◆ **Exercise directions**: Within the listing below, please copy exactly the lines between the line holding "麻豆传媒视频丑闻重磅来袭！麻豆传媒在线震撼大V秘闻惊爆，网友直呼过瘾" and the line holding "Baixar Costruzione di", inclusive.

◆ **Record set**:
——————

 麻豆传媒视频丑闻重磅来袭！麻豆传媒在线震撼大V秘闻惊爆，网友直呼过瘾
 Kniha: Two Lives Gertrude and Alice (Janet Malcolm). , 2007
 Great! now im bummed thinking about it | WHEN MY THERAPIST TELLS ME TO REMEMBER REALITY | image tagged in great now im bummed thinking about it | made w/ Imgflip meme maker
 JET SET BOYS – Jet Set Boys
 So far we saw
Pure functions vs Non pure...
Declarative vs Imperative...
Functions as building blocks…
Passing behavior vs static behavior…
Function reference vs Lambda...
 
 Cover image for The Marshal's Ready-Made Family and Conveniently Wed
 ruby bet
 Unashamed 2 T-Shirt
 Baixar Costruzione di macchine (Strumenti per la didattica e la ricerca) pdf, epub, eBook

——————

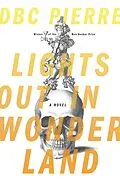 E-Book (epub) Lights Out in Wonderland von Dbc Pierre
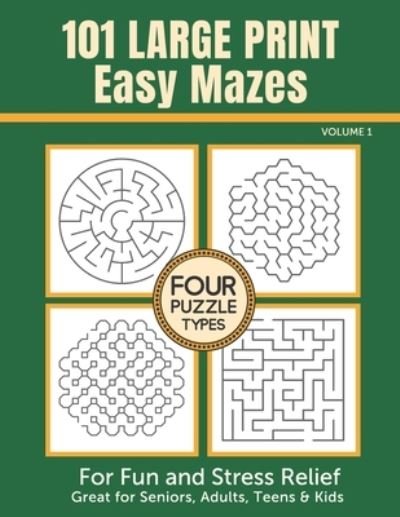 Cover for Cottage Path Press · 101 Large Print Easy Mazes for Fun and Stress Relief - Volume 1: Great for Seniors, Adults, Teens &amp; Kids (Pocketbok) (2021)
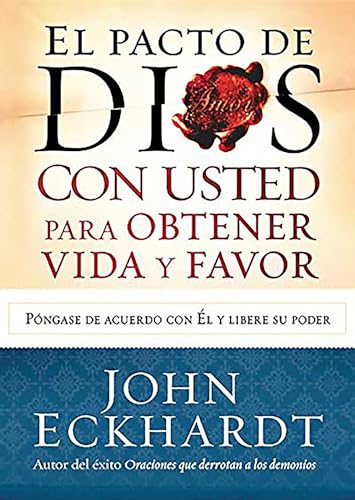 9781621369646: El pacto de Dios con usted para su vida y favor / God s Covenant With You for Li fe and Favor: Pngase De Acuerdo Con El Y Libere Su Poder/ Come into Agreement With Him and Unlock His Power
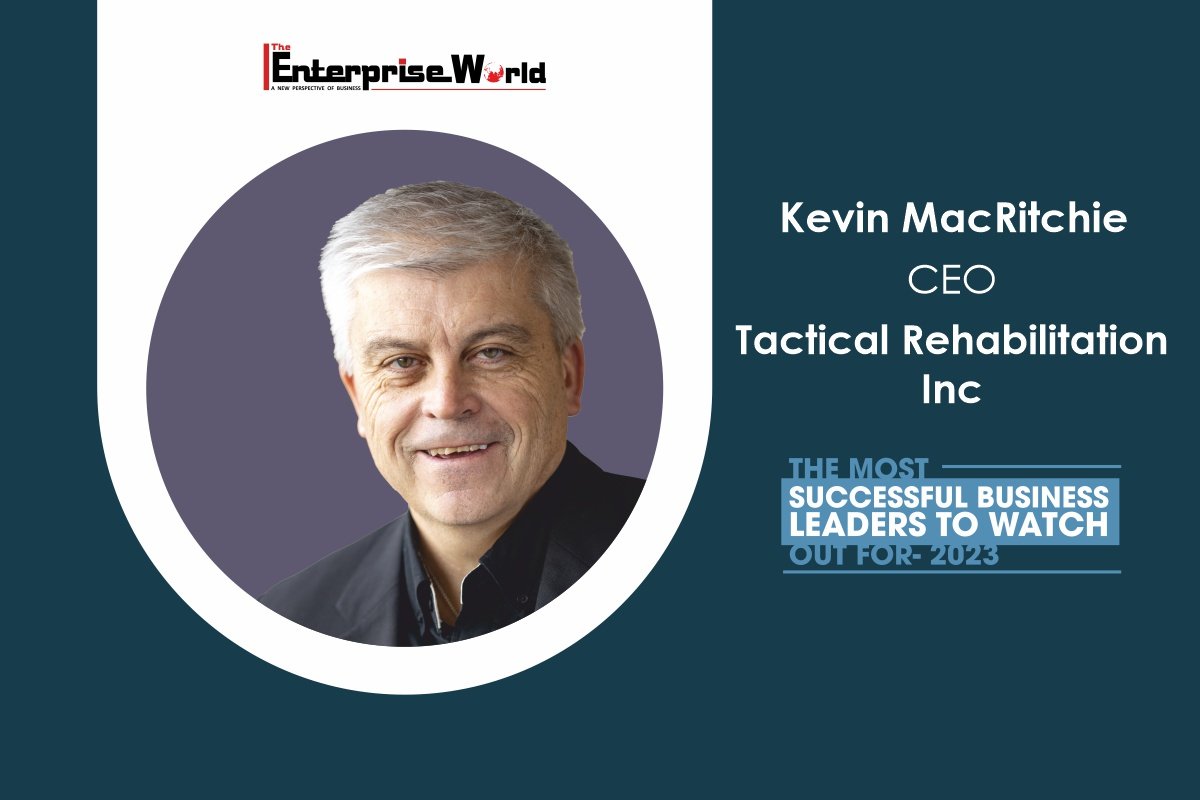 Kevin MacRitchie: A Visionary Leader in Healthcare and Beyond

——————

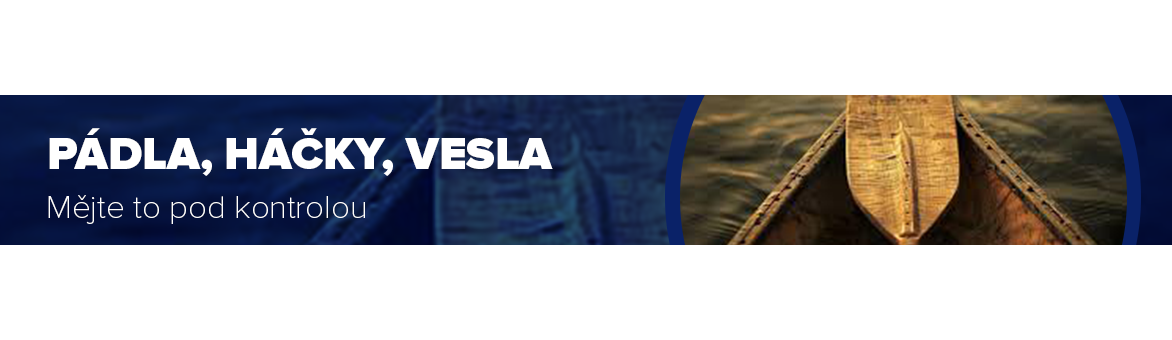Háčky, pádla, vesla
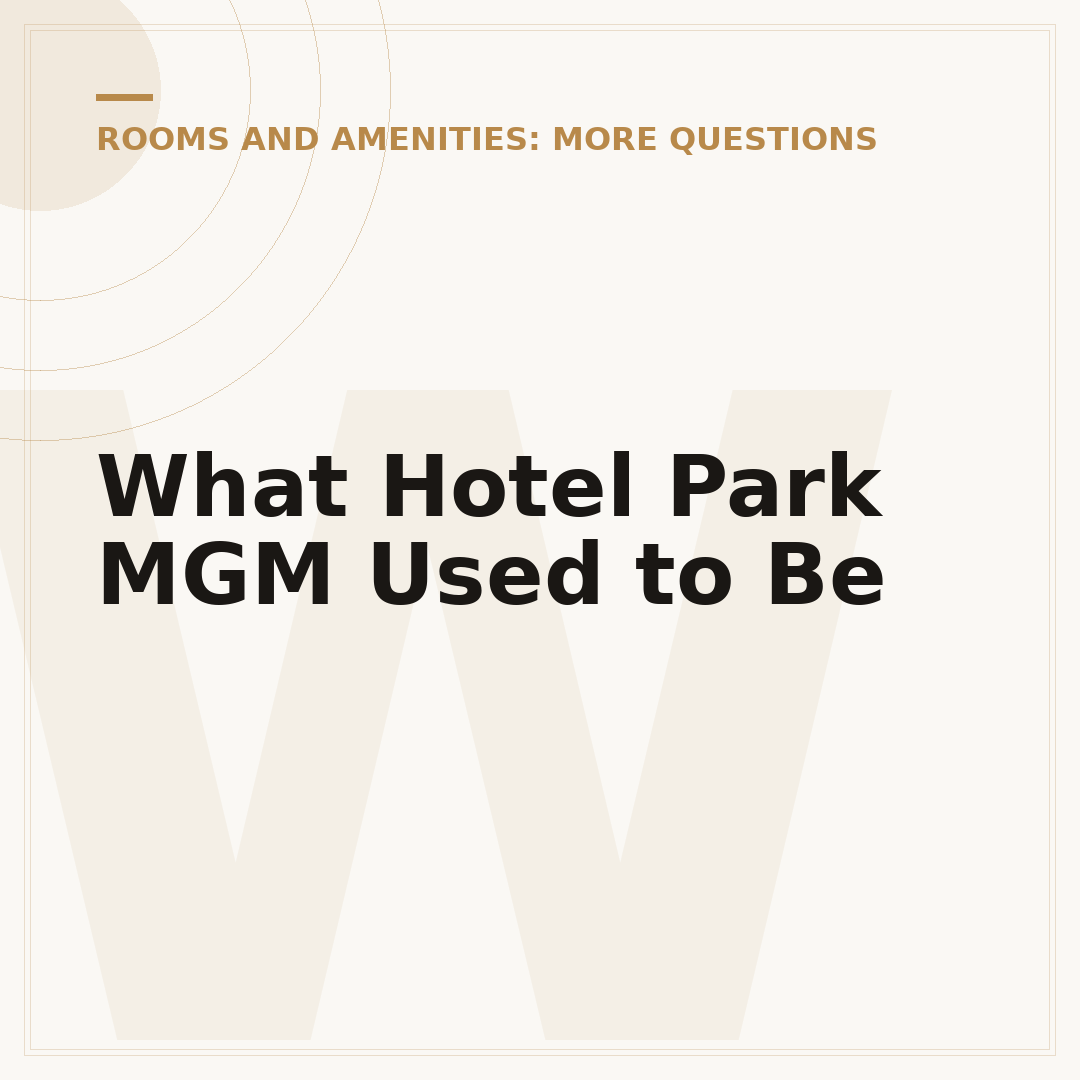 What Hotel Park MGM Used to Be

——————

◆ **Exercise answer**:
 麻豆传媒视频丑闻重磅来袭！麻豆传媒在线震撼大V秘闻惊爆，网友直呼过瘾
 Kniha: Two Lives Gertrude and Alice (Janet Malcolm). , 2007
 Great! now im bummed thinking about it | WHEN MY THERAPIST TELLS ME TO REMEMBER REALITY | image tagged in great now im bummed thinking about it | made w/ Imgflip meme maker
 JET SET BOYS – Jet Set Boys
 So far we saw
Pure functions vs Non pure...
Declarative vs Imperative...
Functions as building blocks…
Passing behavior vs static behavior…
Function reference vs Lambda...
 
 Cover image for The Marshal's Ready-Made Family and Conveniently Wed
 ruby bet
 Unashamed 2 T-Shirt
 Baixar Costruzione di macchine (Strumenti per la didattica e la ricerca) pdf, epub, eBook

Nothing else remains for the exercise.